DIRECTIONS FOR THIS TASK: Scan the records below for the line with "Mitsubishi Lancer 2010" and the line with "Sebastian Vettel im Regen von Monza", and retype that range exactly, both ends included, pictures excepted.

MATERIAL FOR THIS TASK:
++++++++++

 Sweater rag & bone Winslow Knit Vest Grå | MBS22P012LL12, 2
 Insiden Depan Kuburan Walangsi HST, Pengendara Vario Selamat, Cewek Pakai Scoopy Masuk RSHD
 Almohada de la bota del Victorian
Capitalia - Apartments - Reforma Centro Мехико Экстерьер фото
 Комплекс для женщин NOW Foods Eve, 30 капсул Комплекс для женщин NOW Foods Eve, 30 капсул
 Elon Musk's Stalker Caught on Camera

++++++++++

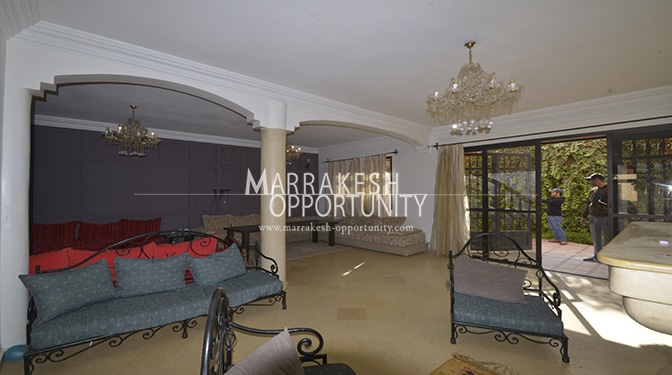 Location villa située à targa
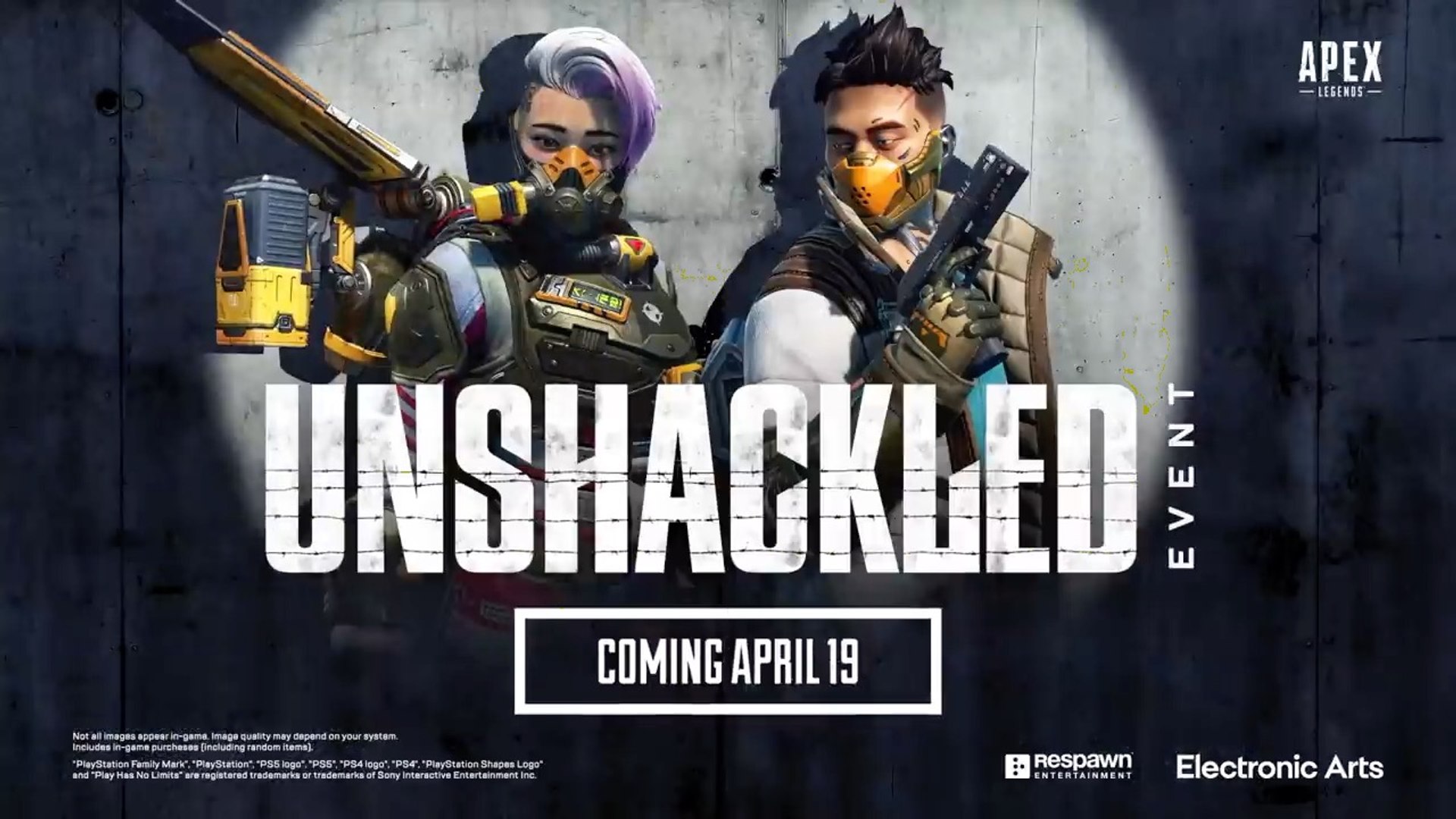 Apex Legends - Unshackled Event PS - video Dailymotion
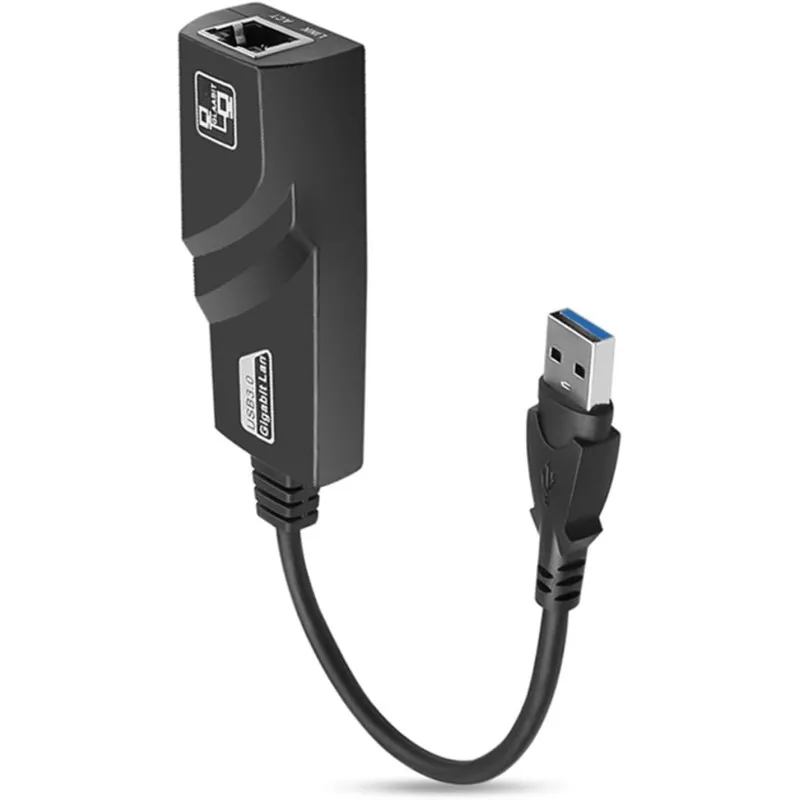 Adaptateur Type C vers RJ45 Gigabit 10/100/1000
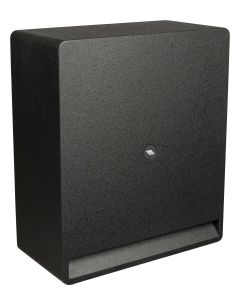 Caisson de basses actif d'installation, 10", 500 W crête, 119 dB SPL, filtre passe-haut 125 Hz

++++++++++

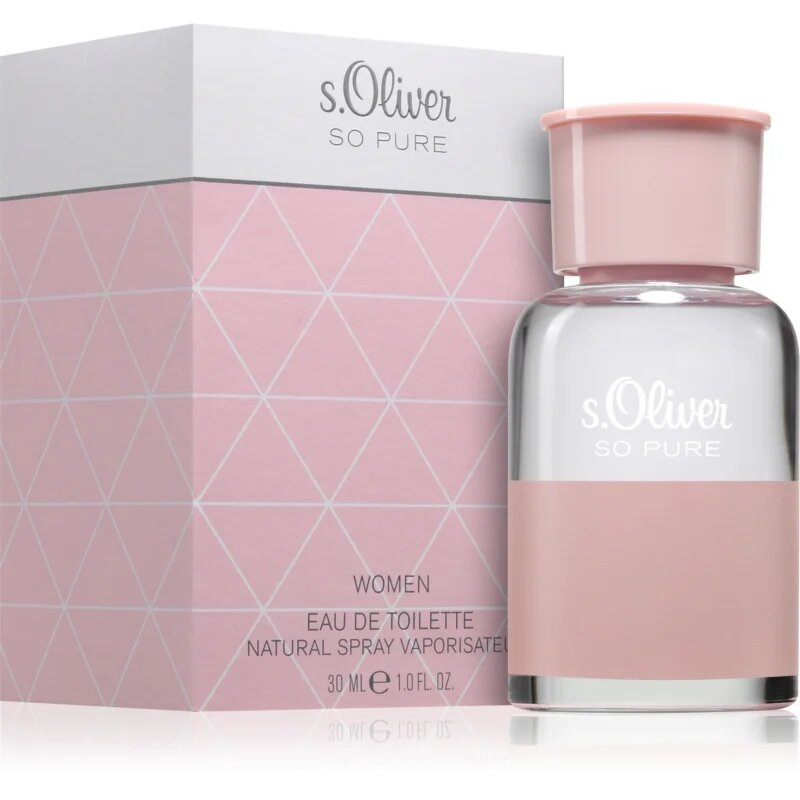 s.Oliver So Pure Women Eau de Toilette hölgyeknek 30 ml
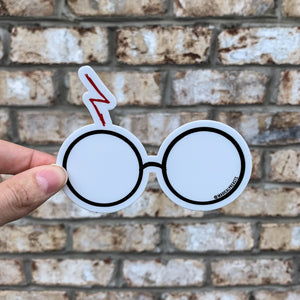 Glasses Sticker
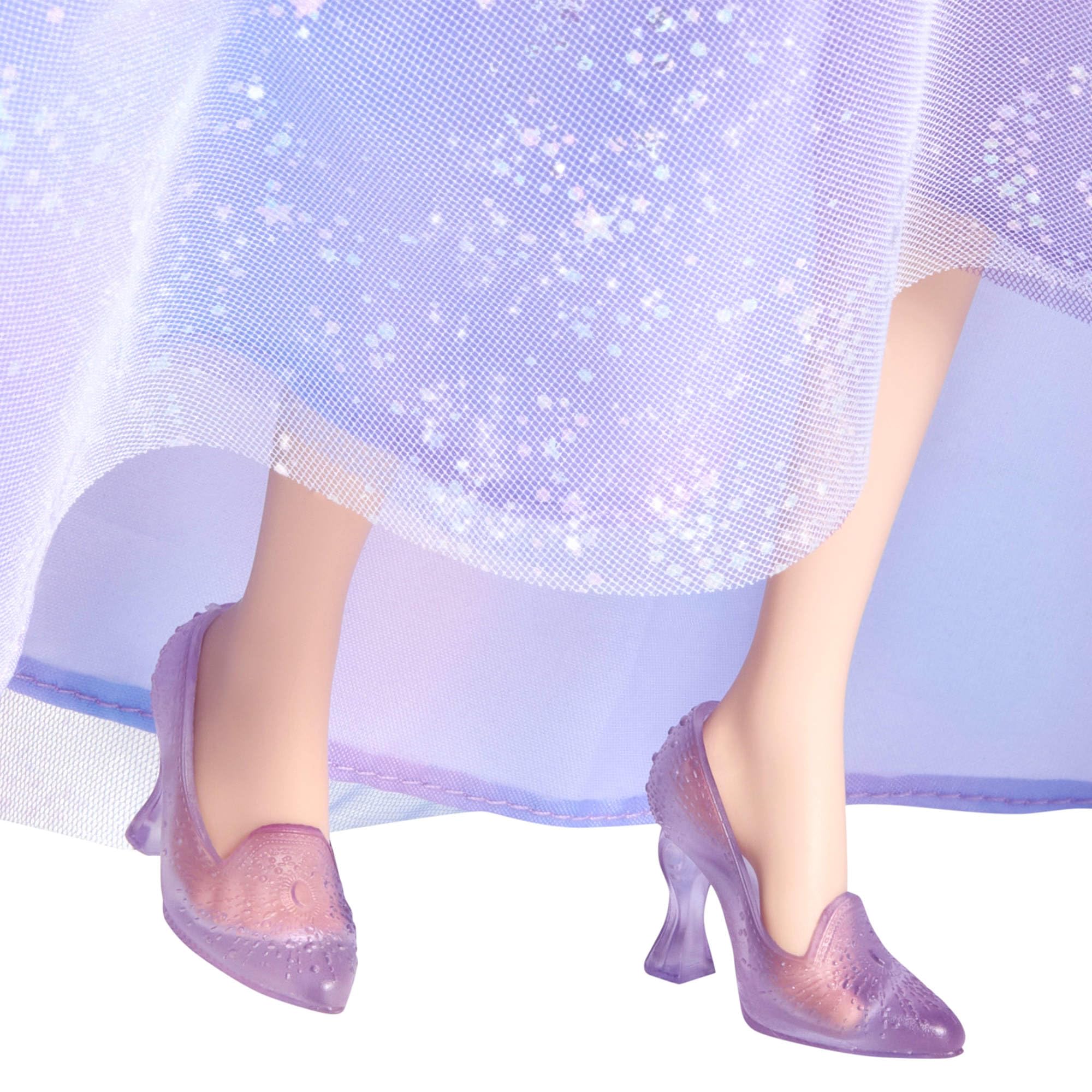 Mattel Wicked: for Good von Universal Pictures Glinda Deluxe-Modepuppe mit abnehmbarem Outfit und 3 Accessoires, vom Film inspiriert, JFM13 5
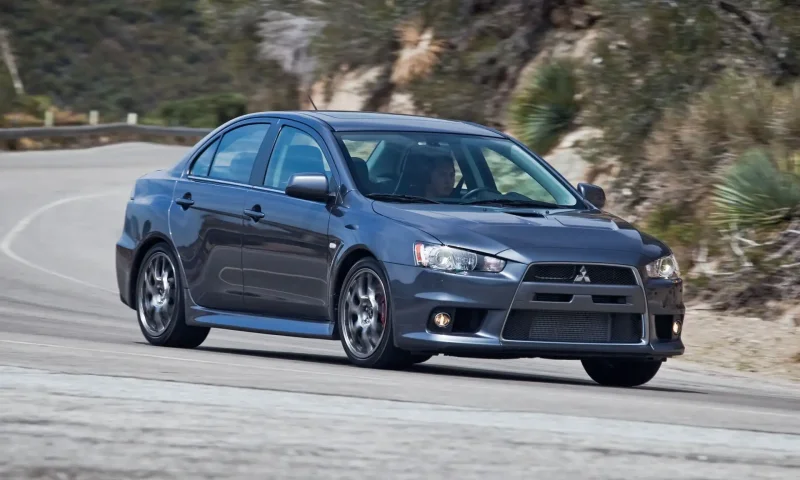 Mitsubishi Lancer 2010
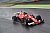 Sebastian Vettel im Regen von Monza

++++++++++

SOLVED PROBLEM:
 Mitsubishi Lancer 2010
 Sebastian Vettel im Regen von Monza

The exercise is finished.